Proof-of-concept for cascaded terahertz accelerator using long pulses. The mini-accelerator uses terahertz radiation that can be recycled for a second stage of acceleration. [Image: DESY, Science Communication Lab]
Once is not enough, according to the title of a sizzling 1970s romance novel—and now, too, for researchers working to deliver compact zing with tabletop particle accelerator tools. OSA Fellow Franz X. Kärtner’s group at Germany’s DESY (Deutsches Elektronen-Synchrotron) particle accelerator facility has developed the proof-of-concept for a miniature particle accelerator device that can recycle laser energy fed into the system to give the energy of accelerated electrons a second boost (Phys. Rev. X, doi: 10.1103/10.1103/PhysRevX.10.011067).
Toward mini-accelerators
“Terahertz-driven electron acceleration has recently emerged as a promising approach for developing compact accelerators,” explains co-author Dongfang Zhang. “Scaling accelerators to terahertz frequencies enables order-of-magnitude increases in field-induced breakdown thresholds, allowing for greater acceleration gradients. Meanwhile, it allows intrinsic synchronization between the electrons, the driving fields, and any probe lasers,” he says.
Terahertz (THz) radiation lies between infrared and radio frequencies in the electromagnetic spectrum. The new device is just 1.5 cm long and 0.79 mm in diameter, a miniature size made possible by THz radiation’s short wavelength.
As described in their paper, the researchers assembled a 53-keV phototriggered DC gun as an injector for the multi-staged, dielectrically lined waveguide (DLW)-based electron accelerator and manipulator, which is powered by narrowband, multicycle THz pulses.
The electron beam from the DLW device, the authors write, is analyzed by a segmented THz electron accelerator and manipulator (STEAM) device (used as a streak camera, to measure the electron bunch length with a resolution of approximately 150 fs), and by a tunable electromagnetic dipole coupled with a microchannel plate to measure the energy and deflection of the beam. An ytterbium laser creates UV pulses for photoemission in the gun, multicycle THz pulses to drive the DLW device, and single-cycle THz to drive the STEAM device.
Feeding the energy booster
The way it works, Zhang says, is that the researchers feed a multicycle THz pulse into the DLW, which reduces the speed of the pulse. Then, electrons are shot into the central part of the waveguide to travel along with the pulse, creating the first electron energy boost.
Because the electrons travel in the nonrelativistic regime (less than the speed of light), this enables recycling of the THz pulse for a second stage of acceleration, Zhang says.

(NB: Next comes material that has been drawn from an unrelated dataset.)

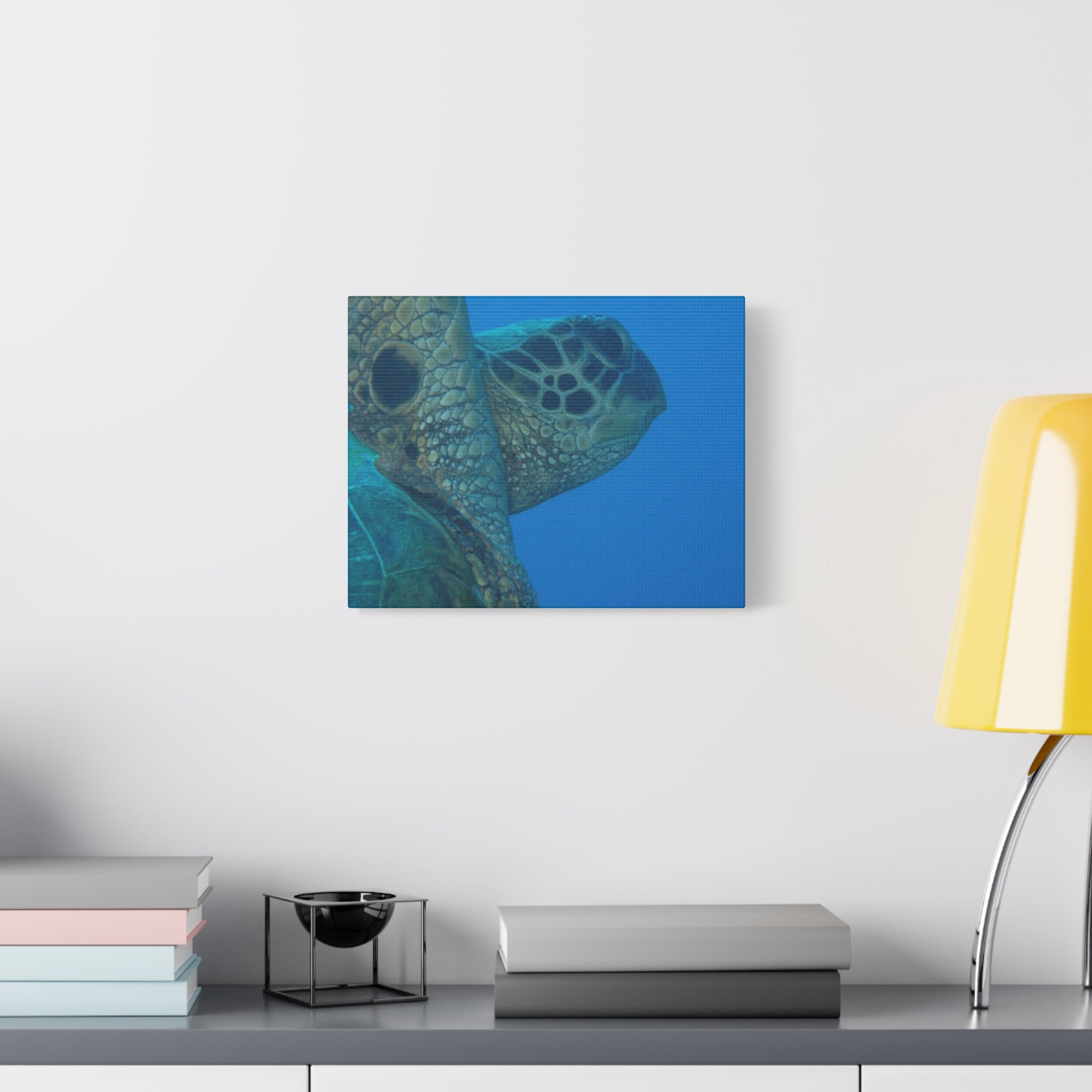 Green Sea Turtle Wall Canvas — Matte Stretched Ocean Photography Art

As he describes it, once the THz pulse leaves the waveguide, it enters a vacuum, its speed is reset to the speed of light, and the pulse overtakes the electrons in just a few centimeters. The pulse then encounters another waveguide that slows its speed, creating an interaction section to boost the electron energies a second time.
Efficient acceleration
One of the current limitations of THz-driven accelerators for tabletop high-energy electron sources, according to Zhang, is the conversion efficiency of current laser-based THz generation, which is less than 1%. “This cascading scheme,” he says, “will greatly lower the demand on the required laser system for electron acceleration in the nonrelativistic regime.” Zhang adds that the setup also allows for implementing “multiple functions using a single multicycle THz pulse.”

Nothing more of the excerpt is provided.